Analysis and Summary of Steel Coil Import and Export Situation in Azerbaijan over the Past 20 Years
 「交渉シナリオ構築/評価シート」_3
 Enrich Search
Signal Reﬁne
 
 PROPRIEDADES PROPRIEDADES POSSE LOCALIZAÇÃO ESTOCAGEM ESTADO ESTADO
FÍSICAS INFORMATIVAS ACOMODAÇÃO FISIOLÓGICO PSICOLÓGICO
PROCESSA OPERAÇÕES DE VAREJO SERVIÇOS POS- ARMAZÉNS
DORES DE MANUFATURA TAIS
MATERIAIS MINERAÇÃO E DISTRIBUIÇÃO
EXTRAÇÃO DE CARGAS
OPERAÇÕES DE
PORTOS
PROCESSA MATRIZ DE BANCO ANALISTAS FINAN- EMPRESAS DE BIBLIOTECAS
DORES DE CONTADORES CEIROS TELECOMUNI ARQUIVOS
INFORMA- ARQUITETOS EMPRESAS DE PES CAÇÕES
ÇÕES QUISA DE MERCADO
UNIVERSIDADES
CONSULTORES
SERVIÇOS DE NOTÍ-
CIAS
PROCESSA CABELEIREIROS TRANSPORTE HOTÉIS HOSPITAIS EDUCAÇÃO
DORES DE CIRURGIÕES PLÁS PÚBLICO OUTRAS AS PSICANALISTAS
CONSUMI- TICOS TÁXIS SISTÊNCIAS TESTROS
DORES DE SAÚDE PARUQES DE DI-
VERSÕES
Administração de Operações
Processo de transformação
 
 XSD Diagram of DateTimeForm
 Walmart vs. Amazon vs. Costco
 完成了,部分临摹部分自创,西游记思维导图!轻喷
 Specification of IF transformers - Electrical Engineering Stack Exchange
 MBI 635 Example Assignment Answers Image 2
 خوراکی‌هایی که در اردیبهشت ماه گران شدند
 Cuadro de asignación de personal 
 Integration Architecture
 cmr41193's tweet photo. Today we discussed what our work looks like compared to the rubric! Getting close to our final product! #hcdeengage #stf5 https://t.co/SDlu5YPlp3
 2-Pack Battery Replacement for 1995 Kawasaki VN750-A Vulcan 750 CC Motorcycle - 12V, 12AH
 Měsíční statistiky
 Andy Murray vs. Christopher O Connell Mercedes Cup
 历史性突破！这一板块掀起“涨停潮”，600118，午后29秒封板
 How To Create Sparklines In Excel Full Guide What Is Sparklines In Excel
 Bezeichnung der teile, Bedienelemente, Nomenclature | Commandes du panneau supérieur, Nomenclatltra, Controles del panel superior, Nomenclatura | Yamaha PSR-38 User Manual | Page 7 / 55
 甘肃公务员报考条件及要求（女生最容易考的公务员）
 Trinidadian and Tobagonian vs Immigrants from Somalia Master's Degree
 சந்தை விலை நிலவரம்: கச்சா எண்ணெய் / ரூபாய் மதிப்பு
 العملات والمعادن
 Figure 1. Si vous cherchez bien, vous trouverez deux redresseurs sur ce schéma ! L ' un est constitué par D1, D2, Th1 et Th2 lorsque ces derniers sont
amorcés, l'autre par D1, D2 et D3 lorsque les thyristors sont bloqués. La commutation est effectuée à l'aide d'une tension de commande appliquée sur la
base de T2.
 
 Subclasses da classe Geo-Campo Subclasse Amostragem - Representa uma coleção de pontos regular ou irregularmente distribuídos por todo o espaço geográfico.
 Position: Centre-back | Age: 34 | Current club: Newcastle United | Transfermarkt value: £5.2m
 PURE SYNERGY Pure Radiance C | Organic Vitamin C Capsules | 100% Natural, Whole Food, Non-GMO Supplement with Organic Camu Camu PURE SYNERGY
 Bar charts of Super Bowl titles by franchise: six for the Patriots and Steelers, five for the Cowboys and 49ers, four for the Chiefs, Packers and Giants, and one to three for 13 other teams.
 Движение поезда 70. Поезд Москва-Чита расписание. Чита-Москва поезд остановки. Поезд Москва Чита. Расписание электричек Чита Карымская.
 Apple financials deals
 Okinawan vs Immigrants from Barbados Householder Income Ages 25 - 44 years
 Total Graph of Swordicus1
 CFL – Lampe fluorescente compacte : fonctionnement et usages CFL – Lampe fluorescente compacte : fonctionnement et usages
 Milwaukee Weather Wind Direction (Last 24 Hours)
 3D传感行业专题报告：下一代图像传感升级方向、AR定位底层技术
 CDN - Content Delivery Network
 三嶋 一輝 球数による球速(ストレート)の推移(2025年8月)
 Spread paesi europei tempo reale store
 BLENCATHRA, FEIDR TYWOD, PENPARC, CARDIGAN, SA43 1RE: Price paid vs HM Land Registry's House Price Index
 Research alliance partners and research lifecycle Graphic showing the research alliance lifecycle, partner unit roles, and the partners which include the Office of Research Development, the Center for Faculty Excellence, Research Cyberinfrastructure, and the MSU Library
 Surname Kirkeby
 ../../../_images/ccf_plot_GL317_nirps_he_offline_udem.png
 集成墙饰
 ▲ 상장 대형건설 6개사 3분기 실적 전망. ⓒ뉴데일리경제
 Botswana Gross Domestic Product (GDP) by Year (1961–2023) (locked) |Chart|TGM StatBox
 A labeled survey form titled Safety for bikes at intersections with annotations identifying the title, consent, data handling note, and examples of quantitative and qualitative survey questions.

------------------------------------------------------------

From the material above, copy exactly the lines between the line holding "PROPRIEDADES PROPRIEDADES POSSE" and the line holding "How To Create", inclusive, and only those.

 PROPRIEDADES PROPRIEDADES POSSE LOCALIZAÇÃO ESTOCAGEM ESTADO ESTADO
FÍSICAS INFORMATIVAS ACOMODAÇÃO FISIOLÓGICO PSICOLÓGICO
PROCESSA OPERAÇÕES DE VAREJO SERVIÇOS POS- ARMAZÉNS
DORES DE MANUFATURA TAIS
MATERIAIS MINERAÇÃO E DISTRIBUIÇÃO
EXTRAÇÃO DE CARGAS
OPERAÇÕES DE
PORTOS
PROCESSA MATRIZ DE BANCO ANALISTAS FINAN- EMPRESAS DE BIBLIOTECAS
DORES DE CONTADORES CEIROS TELECOMUNI ARQUIVOS
INFORMA- ARQUITETOS EMPRESAS DE PES CAÇÕES
ÇÕES QUISA DE MERCADO
UNIVERSIDADES
CONSULTORES
SERVIÇOS DE NOTÍ-
CIAS
PROCESSA CABELEIREIROS TRANSPORTE HOTÉIS HOSPITAIS EDUCAÇÃO
DORES DE CIRURGIÕES PLÁS PÚBLICO OUTRAS AS PSICANALISTAS
CONSUMI- TICOS TÁXIS SISTÊNCIAS TESTROS
DORES DE SAÚDE PARUQES DE DI-
VERSÕES
Administração de Operações
Processo de transformação
 
 XSD Diagram of DateTimeForm
 Walmart vs. Amazon vs. Costco
 完成了,部分临摹部分自创,西游记思维导图!轻喷
 Specification of IF transformers - Electrical Engineering Stack Exchange
 MBI 635 Example Assignment Answers Image 2
 خوراکی‌هایی که در اردیبهشت ماه گران شدند
 Cuadro de asignación de personal 
 Integration Architecture
 cmr41193's tweet photo. Today we discussed what our work looks like compared to the rubric! Getting close to our final product! #hcdeengage #stf5 https://t.co/SDlu5YPlp3
 2-Pack Battery Replacement for 1995 Kawasaki VN750-A Vulcan 750 CC Motorcycle - 12V, 12AH
 Měsíční statistiky
 Andy Murray vs. Christopher O Connell Mercedes Cup
 历史性突破！这一板块掀起“涨停潮”，600118，午后29秒封板
 How To Create Sparklines In Excel Full Guide What Is Sparklines In Excel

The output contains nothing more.